Rorate Caeli

A "renewed anthropological foundation to religious freedom"

From the message of Pope Benedict XVI to the Pontifical Academy of Social Sciences, released today, on the occasion of its plenary meeting:
Deeply inscribed in our human nature are a yearning for truth and meaning and an openness to the transcendent; we are prompted by our nature to pursue questions of the greatest importance to our existence. Many centuries ago, Tertullian coined the term libertas religionis (cf. Apologeticum, 24:6). He emphasized that God must be worshipped freely, and that it is in the nature of religion not to admit coercion, "nec religionis est cogere religionem" (Ad Scapulam, 2:2). Since man enjoys the capacity for a free personal choice in truth, and since God expects of man a free response to his call, the right to religious freedom should be viewed as innate to the fundamental dignity of every human person, in keeping with the innate openness of the human heart to God. In fact, authentic freedom of religion will permit the human person to attain fulfilment and will thus contribute to the common good of society.

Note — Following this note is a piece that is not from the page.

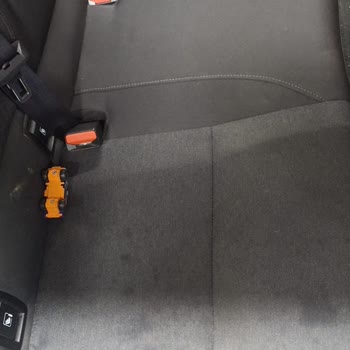 Garenta Oto Kiralama’dan Kirli Araç Teslimi Ve Haksız Kesinti Tehdidi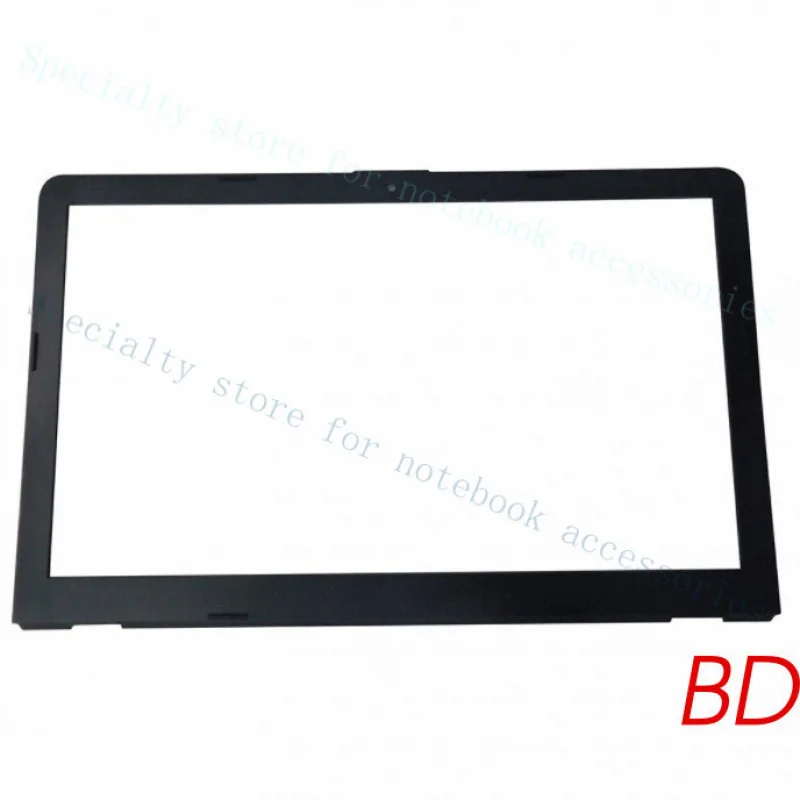 

Передняя панель корпуса (рамка) A+ для HP 15-BS 15T-BS 15-BW G6 255 B, AP204000300, 924925-001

Aware of the developments in culture and society, the Second Vatican Council proposed a renewed anthropological foundation to religious freedom. The Council Fathers stated that all people are "impelled by nature and also bound by our moral obligation to seek the truth, especially religious truth" (Dignitatis Humanae, 2). The truth sets us free (cf. Jn 8:32), and it is this same truth that must be sought and assumed freely. The Council was careful to clarify that this freedom is a right which each person enjoys naturally and which therefore ought also to be protected and fostered by civil law.

Of course, every state has a sovereign right to promulgate its own legislation and will express different attitudes to religion in law. So it is that there are some states which allow broad religious freedom in our understanding of the term, while others restrict it for a variety of reasons, including mistrust for religion itself. The Holy See continues to appeal for the recognition of the fundamental human right to religious freedom on the part of all states, and calls on them to respect, and if need be protect, religious minorities who, though bound by a different faith from the majority around them, aspire to live with their fellow citizens [Rorate: notice caveatspeacefully and to participate fully in the civil and political life of the nation, to the benefit of all.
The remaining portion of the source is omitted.